STORED DATA Start Marker

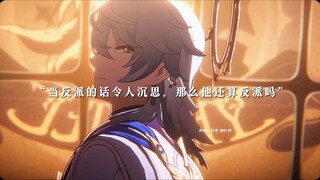 “当一个反派说的话都令人沉思时，那他算是反派吗”
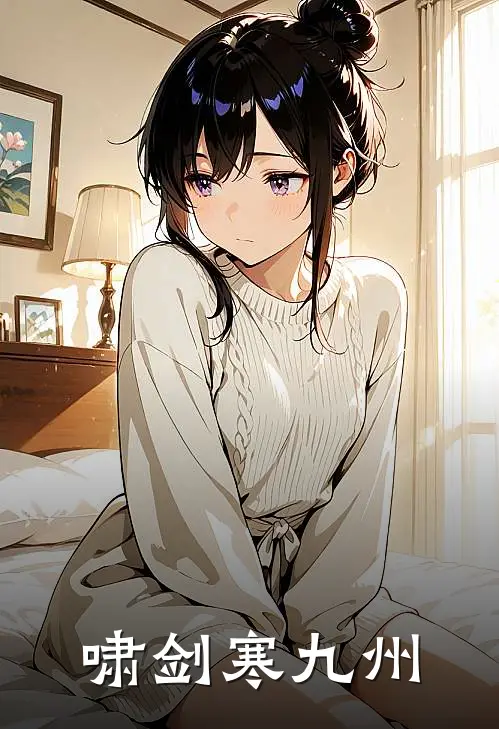 啸剑寒九州(萧璟唐博琥)小说完整版_完结好看小说啸剑寒九州萧璟唐博琥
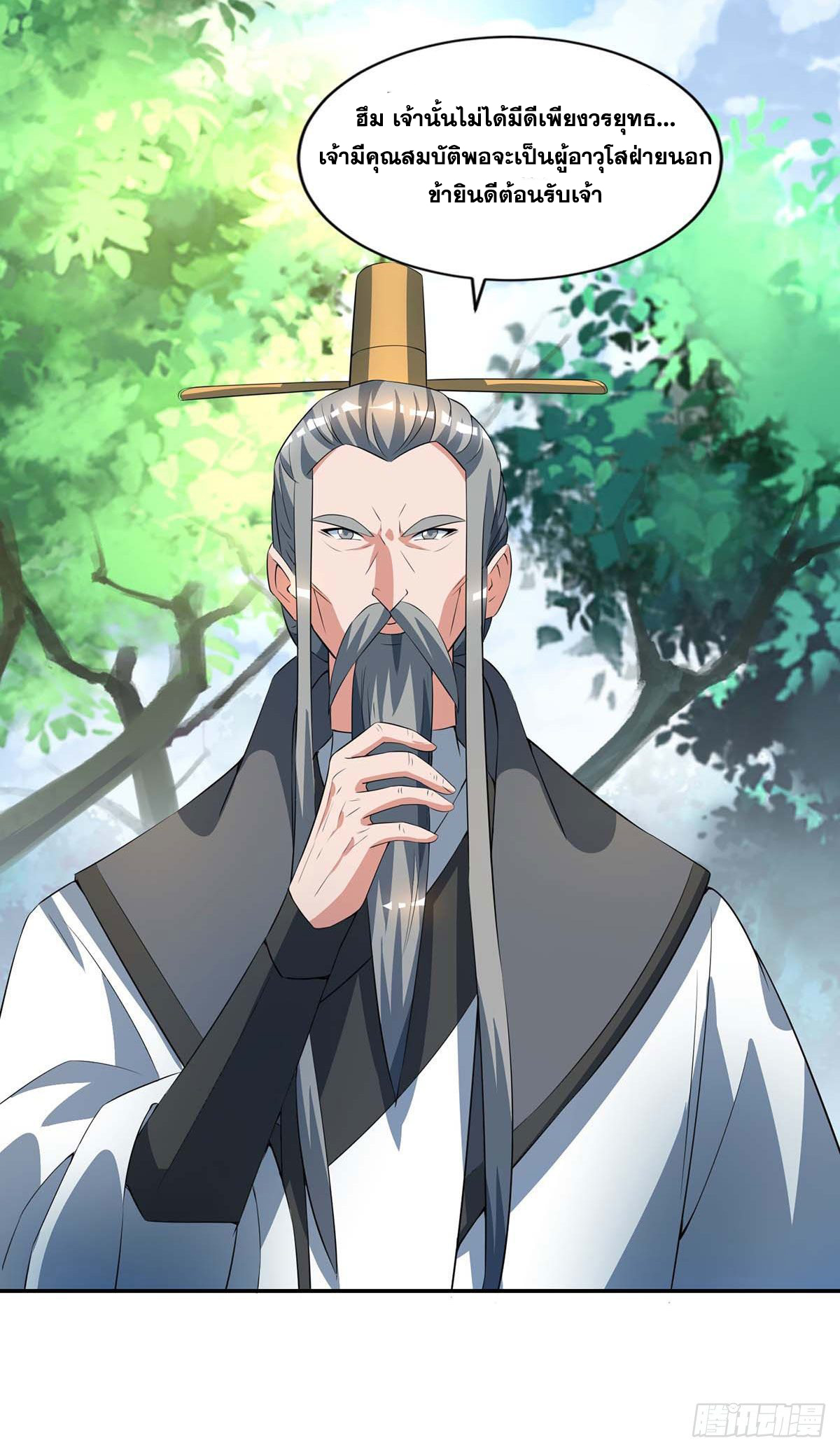จักรพรรดิ 80,000 ปี ตอนที่ 25 หน้า 25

STORED DATA End Marker

**PROBLEM TO WORK ON**. Everything in the listing except the pictures must come back exactly as written.

**OUTPUT FOR THIS EXERCISE**.
 “当一个反派说的话都令人沉思时，那他算是反派吗”
 啸剑寒九州(萧璟唐博琥)小说完整版_完结好看小说啸剑寒九州萧璟唐博琥
จักรพรรดิ 80,000 ปี ตอนที่ 25 หน้า 25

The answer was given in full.